Les femmes occupent beaucoup trop peu de place dans la BD, donc dans le monde (voir réponse précédente). Ce qui appauvrit nécessairement le champ des possibles et l’ambiance. On le voit bien au G20, tous ces hommes qui ont l’air grave et dépité, se regardent réciproquement de travers comme des ennemis préparant de mauvais coups. Heureusement, quand arrive la chancelière allemande, immédiatement c’est un peu la fête.

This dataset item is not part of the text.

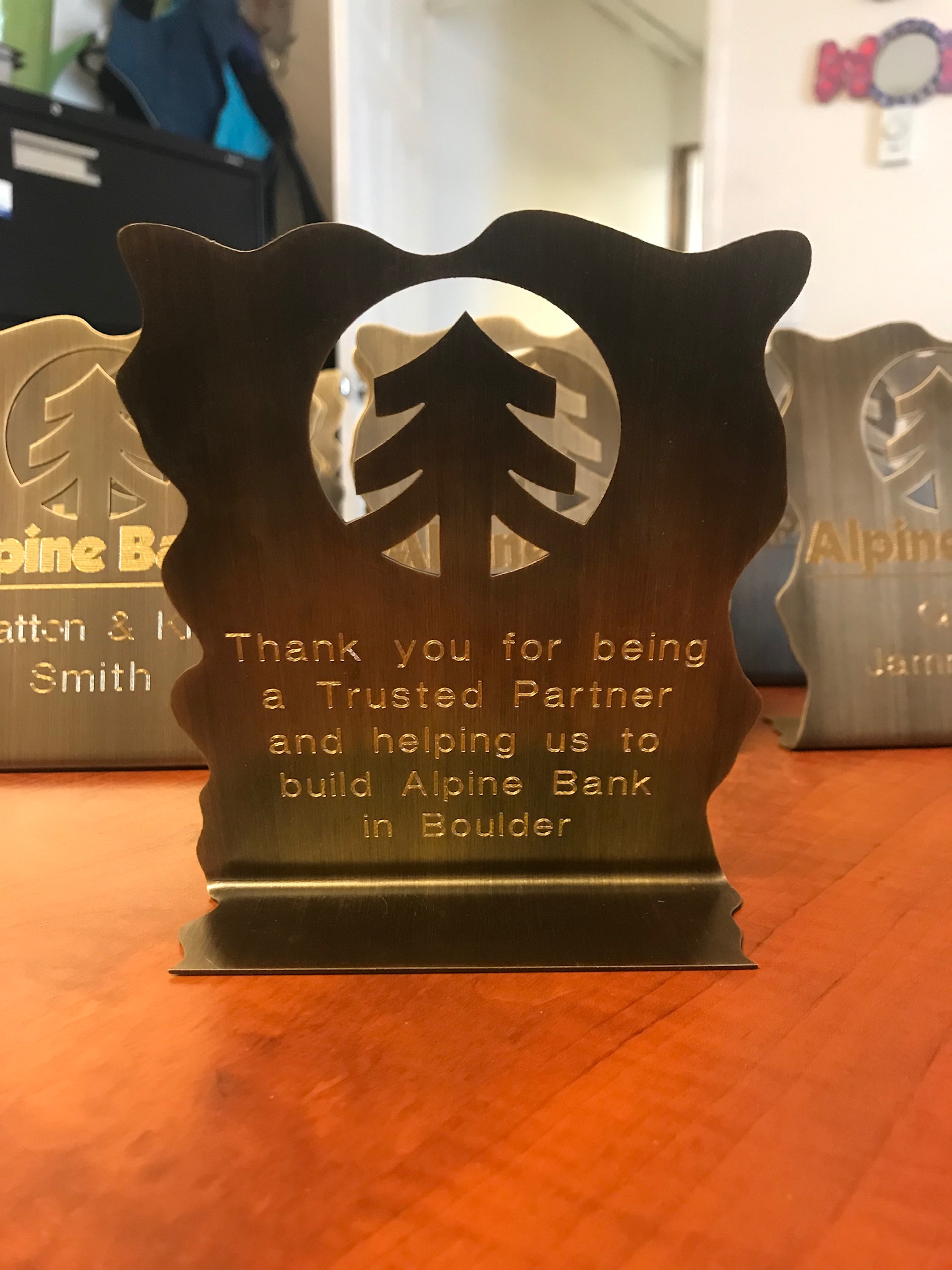 Engraved Bronze Award Logo Plate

Après un bon nombre de livres chez 6 pieds sous terre, de nombreuses collaborations avec Fabcaro, ton blog sur lemonde.fr, le scénario du Fil de l’histoire, Walter Appleduck et tes éditos hebdomadaire pour Spirou, c’est quoi l’avenir ?
Des suites ? De nouveaux projets ?

Il y a toujours de nouveaux projets car, comme le disait Simone de Beauvoir, « l’homme a besoin de transcendance », et comme le disait le requin : il faut nager en permanence sinon on meurt asphyxié. Il devrait y avoir en 2021-2022 des livres chez 6 Pieds sous terre (un retour aux sources), Fluide glacial et La Revue dessinée en plus des projets chez Dupuis. Et la poursuite d’un fanzine autoproduit, Guide sublime fanzine. Quelques kilos de gags en plus dans l’océan de rire qui envahit le monde.



Le prochain album de Fabrice Erre, Mal Dominant, sort chez 6 Pieds Sous Terre le 6 mai 2021.